Wednesday, August 10, 2016

BIS Working Paper: Unconventional Monetary Policies - A Re-Appraisal

In July 2016 the Bank for International Settlements released a working paper by Claudio Borio and Anna Zabai that reviews the unconventional monetary policies that have been used in the past few years around the world. The paper is somewhat lengthy so below I have pasted in the Conclusion section to get a feel for what the paper talks about. Below that are some added comments.



Originally, the monetary policy measures central banks adopted in the wake of the financial crisis were regarded as unconventional; almost a decade on, they have become commonplace. 

We have argued that this development is a risky one. Unconventional monetary policy measures, in our view, are likely to be subject to diminishing returns. The balance between benefits and costs tends to worsen the longer they stay in place. Exit difficulties and political economy problems loom large. Short-term gain may well give way to longer-term pain. As the central bank’s policy room for manoeuvre narrows, so does its ability to deal with the next recession, which will inevitably come. The overall pressure to rely on increasingly experimental, at best highly unpredictable, at worst dangerous, measures may at some point become too strong. Ultimately, central banks’ credibility and legitimacy could come into question

In many respects, of course, extensive reliance on unconventional monetary policies is not so much the cause but the effect of deeper fault lines. One, discussed here, is the nature of the recession and subsequent recovery ushered in by the financial crisis. Another is the unbalanced post-crisis policy mix, which left monetary policy to carry the bulk of the burden (BIS (2016a)). Yet another one has to do with the forces that have kept inflation stubbornly low and below targets – forces that are not fully understood and have drastically narrowed central banks’ options (eg BIS (2014)). But a final one is arguably the less than fully adequate character of current monetary policy frameworks – frameworks focused on short-term inflation control and that struggle to take financial stability systematically into account, despite its potentially huge macroeconomic costs (eg Borio (2016)). But this, important as it is, is another story.
My added comments: Here we see yet another paper from key BIS officials warning that the unconventional monetary policies being used around the world are likely not sustainable. In the concluding remarks above they talk about them as "risky" and "subject to diminishing returns". They say that "short-term gain may well give way to longer-term pain". They point out the ability of central banks to "deal with the next recession, which will inevitably come" is shrinking. 

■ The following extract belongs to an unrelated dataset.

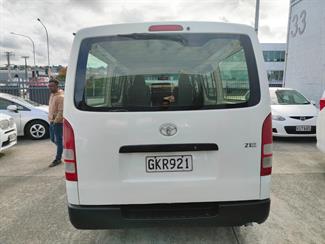 2012 Toyota Hiace - Thumbnail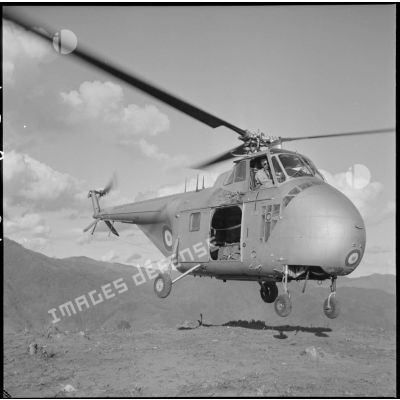 Envol bruyant et poussiéreux de l'hélicoptère du point d'appui de Muong Khoua.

Going even further, they say:

"The overall pressure to rely on increasingly experimental, at best highly unpredictable, at worst dangerous, measures may at some point become too strong. Ultimately, central banks’ credibility and legitimacy could come into question."

I don't think that officials like these would talk about these policies being "at best highly unpredictable, at worst dangerous" unless they take the risk of all this being unsustainable seriously. 

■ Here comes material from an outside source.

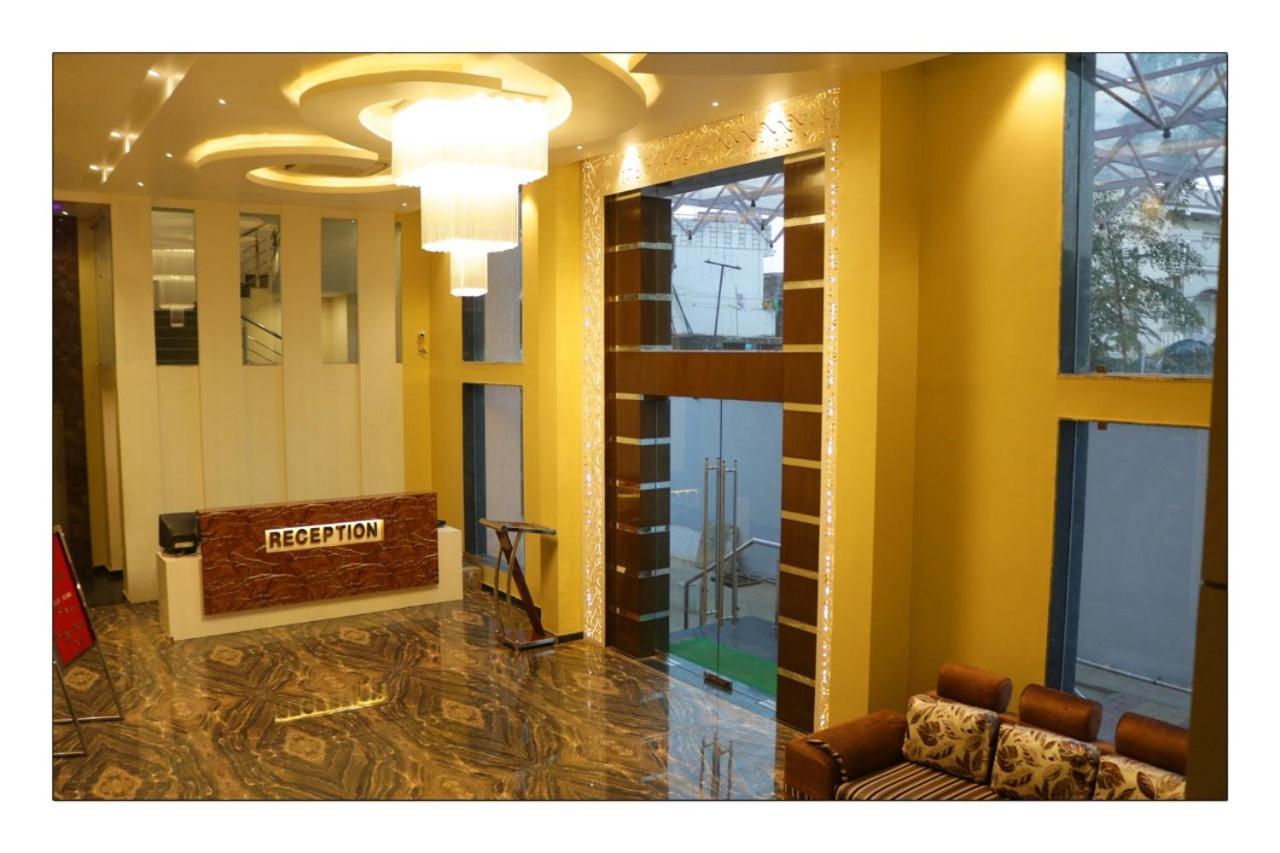 Hotel Grand Surya Kodarma Exterior foto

Recently we ran this article featuring comments by highly respected central bank expert Robert Pringle. He went even further in talking about current monetary policies by giving us this quote:

"Current monetary policies are immoral because….

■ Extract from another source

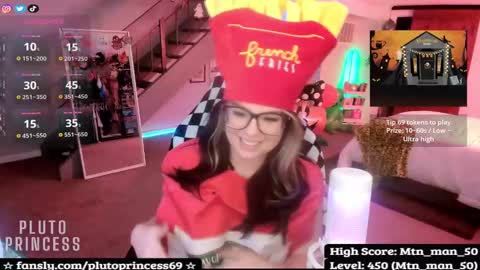 Pluto Princess online show from 10/05/25, 04:00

….they weaken the institution of money, the crucial coordinating mechanism of each and every society. Following the inequitable allocation of  losses from the great financial crisis,  policy-makers are also knowingly further widening inequalities and divisions in society. The monetary mandarins treat people as tools to the realisation of ends that they, not the people, have chosen. They also view people as so stupid they will not understand what is going on." 

The main point I would ask readers here to think about is that if people like this are taking these risks very seriously, we certainly need to as well. It's easy as time goes by and things seem relatively stable for the most part to simply lose interest in these issues or to just assume these problems will never turn into a real crisis that will impact us. Unfortunately, that is simply not the case and we would be unwise not to stay as alert and informed as we can. It's not easy because it's impossible to know what event might trigger a major crisis or when it might happen. But it is necessary as these officials and experts remind us along with their critics who also remind us that the present system is very unstable and not sustainable over the long term.

Here is a good question to ask yourself:  What plan do I have to deal with a situation where the credibility and legitimacy of central banks came into question by investors and the general public? 

The BIS working paper above says it is possible for that day to arrive as unlikely as that may seem to most people right now. How would the public in general react to that? It's an unknown factor in a complex and divided world. As individuals, we need to think about the various possible reactions and have a plan in mind to fall back on.

Note: I will add this article to the list of BIS and IMF systemic risk warnings we have documented here over the past couple of years.